London Briefing: There has been surprisingly little gloating in Britain over the demise of the euro area's Stability and Growth Pact. I haven't heard one analyst say "I told you so", which is really astonishing since many of them did, writes Chris Johns.
The lack of a strong analytical reaction has been mirrored in the markets themselves, with the euro itself responding to Europe's total fiscal failure with nothing more than a metaphorical shrug. Indeed, it has continued to rise.
London-based analysts have often got Europe wrong in the past and the question naturally arises: are they doing so again? On the Wednesday that sterling left the Exchange Rate Mechanism (ERM, the precursor to the euro), I remember one prominent commentator telling the trading floor of a very large investment bank: "don't worry, we'll be back in by Friday".
That, of course, was over 11 years ago.
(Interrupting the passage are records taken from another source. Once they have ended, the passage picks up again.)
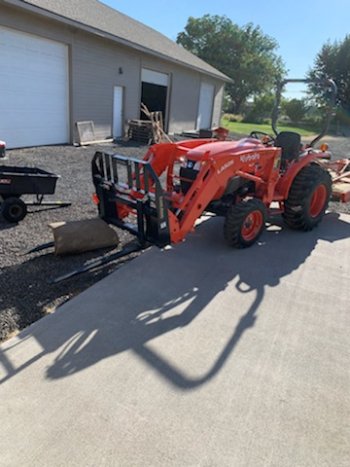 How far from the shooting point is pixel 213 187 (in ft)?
13.0

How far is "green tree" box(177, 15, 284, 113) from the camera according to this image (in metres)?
50.4

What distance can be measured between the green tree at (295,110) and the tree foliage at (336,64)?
4.25 metres

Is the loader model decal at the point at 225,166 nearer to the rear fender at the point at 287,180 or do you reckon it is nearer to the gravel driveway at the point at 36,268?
the rear fender at the point at 287,180

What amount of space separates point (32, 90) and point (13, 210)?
7.24m

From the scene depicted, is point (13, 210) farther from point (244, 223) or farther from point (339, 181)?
point (339, 181)

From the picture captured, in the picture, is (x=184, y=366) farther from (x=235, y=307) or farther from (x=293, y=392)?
(x=235, y=307)

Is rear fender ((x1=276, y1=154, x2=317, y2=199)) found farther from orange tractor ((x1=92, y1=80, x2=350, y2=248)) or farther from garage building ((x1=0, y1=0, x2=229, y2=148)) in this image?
garage building ((x1=0, y1=0, x2=229, y2=148))

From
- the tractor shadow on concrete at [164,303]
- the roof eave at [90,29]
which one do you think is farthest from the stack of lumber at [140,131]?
the tractor shadow on concrete at [164,303]

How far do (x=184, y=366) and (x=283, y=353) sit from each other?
804mm

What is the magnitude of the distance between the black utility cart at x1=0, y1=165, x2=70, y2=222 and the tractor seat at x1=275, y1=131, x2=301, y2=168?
3359mm

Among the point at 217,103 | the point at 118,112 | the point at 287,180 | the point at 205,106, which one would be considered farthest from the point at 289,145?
the point at 217,103

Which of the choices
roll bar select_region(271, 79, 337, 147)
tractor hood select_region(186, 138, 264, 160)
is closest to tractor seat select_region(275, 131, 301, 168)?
roll bar select_region(271, 79, 337, 147)

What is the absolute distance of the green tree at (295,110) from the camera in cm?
3888

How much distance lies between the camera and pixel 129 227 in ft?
13.5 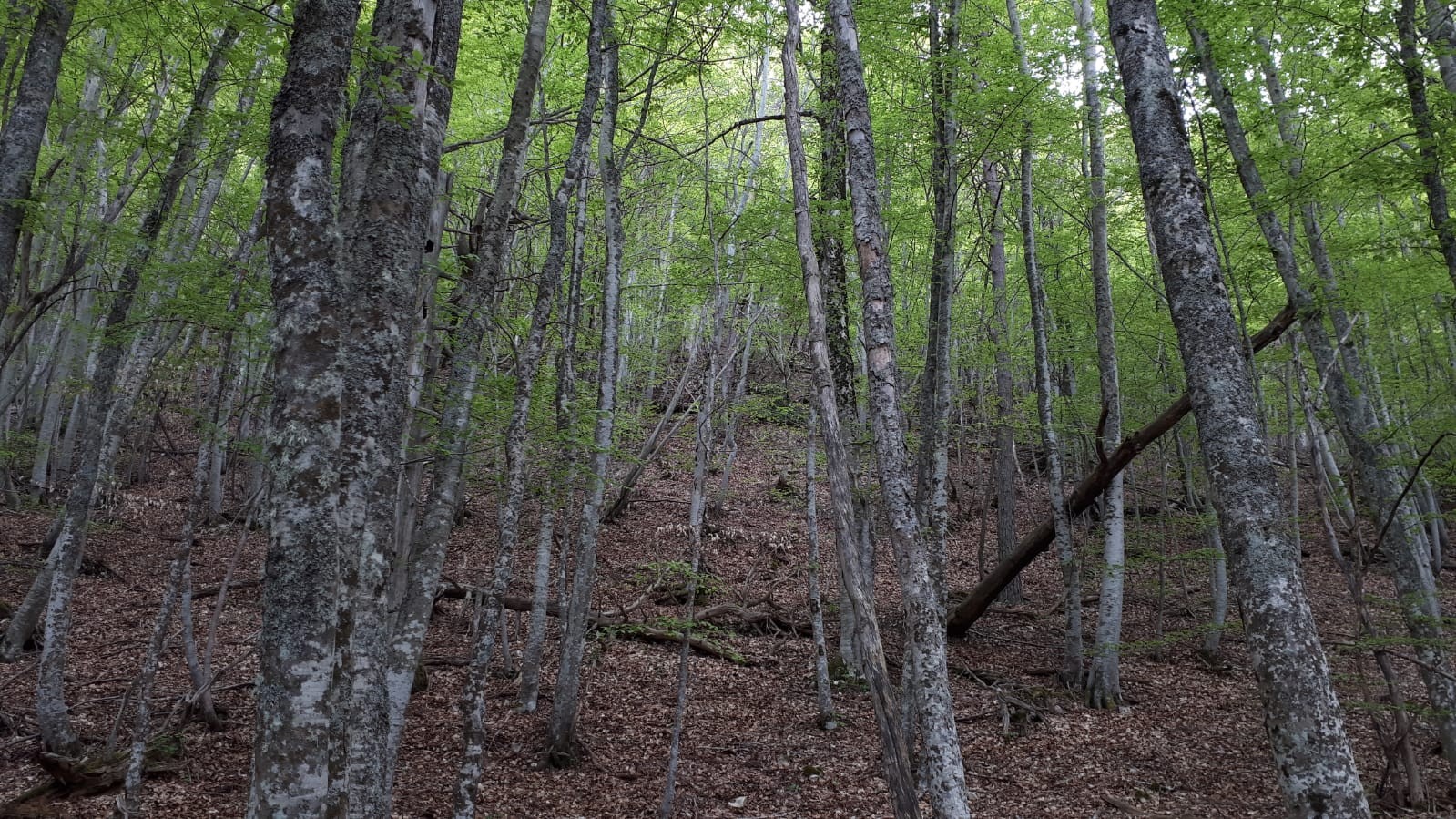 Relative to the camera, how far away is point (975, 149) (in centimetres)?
933

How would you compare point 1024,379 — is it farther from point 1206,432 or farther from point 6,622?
point 6,622

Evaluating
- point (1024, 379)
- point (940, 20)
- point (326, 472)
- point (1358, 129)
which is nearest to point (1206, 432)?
point (326, 472)

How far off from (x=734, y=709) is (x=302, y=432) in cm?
770

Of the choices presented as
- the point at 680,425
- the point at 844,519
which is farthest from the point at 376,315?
the point at 680,425

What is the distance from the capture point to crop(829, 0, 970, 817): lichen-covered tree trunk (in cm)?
467

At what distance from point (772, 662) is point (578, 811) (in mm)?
4368

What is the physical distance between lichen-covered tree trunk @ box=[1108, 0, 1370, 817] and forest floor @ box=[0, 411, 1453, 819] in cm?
403

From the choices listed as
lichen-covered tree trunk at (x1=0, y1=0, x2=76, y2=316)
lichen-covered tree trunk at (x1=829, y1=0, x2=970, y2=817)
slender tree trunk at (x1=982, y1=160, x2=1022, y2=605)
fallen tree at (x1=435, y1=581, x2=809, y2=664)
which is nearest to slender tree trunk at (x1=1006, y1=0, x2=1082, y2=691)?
slender tree trunk at (x1=982, y1=160, x2=1022, y2=605)

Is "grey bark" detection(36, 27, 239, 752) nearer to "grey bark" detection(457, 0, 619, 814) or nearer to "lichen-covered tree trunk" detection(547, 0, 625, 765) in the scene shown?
"grey bark" detection(457, 0, 619, 814)

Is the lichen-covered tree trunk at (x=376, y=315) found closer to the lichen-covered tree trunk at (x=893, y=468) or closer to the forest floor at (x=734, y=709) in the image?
the lichen-covered tree trunk at (x=893, y=468)

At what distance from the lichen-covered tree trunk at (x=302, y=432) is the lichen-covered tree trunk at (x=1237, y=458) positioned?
4174 millimetres

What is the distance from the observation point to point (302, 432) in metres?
3.05

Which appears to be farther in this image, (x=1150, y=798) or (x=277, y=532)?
(x=1150, y=798)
I suppose he didn't specify which Friday he meant. However, the really big mistake at the time - made by almost everybody in London - was to describe the widening of the ERM bands, to accommodate France, as "the end of the ERM and the single currency project".
The British Prime Minister of the day, John Major, made precisely this claim. Are we writing off the stability pact equally prematurely? Probably not.
The lesson to be drawn from those earlier mistakes is not so much that the stability pact will be resurrected in the same way as was the ERM, but that the repercussions of its much-forecast collapse will not be that great and it will have no consequences at all for the single currency itself, at least not for a while.
Ultimately, it all depends on what replaces it. The betting is currently focused on the probability that Europe will adopt a variant of the fiscal framework used by Gordon Brown which seems to avoid all of the pitfalls experienced by the "stupidity pact".
Firstly, Brown's approach makes allowances for the cycle - borrowing has a natural tendency to rise and fall with economic ups and downs and it is perverse to try to avoid this. Indeed, the consequences can be disastrous.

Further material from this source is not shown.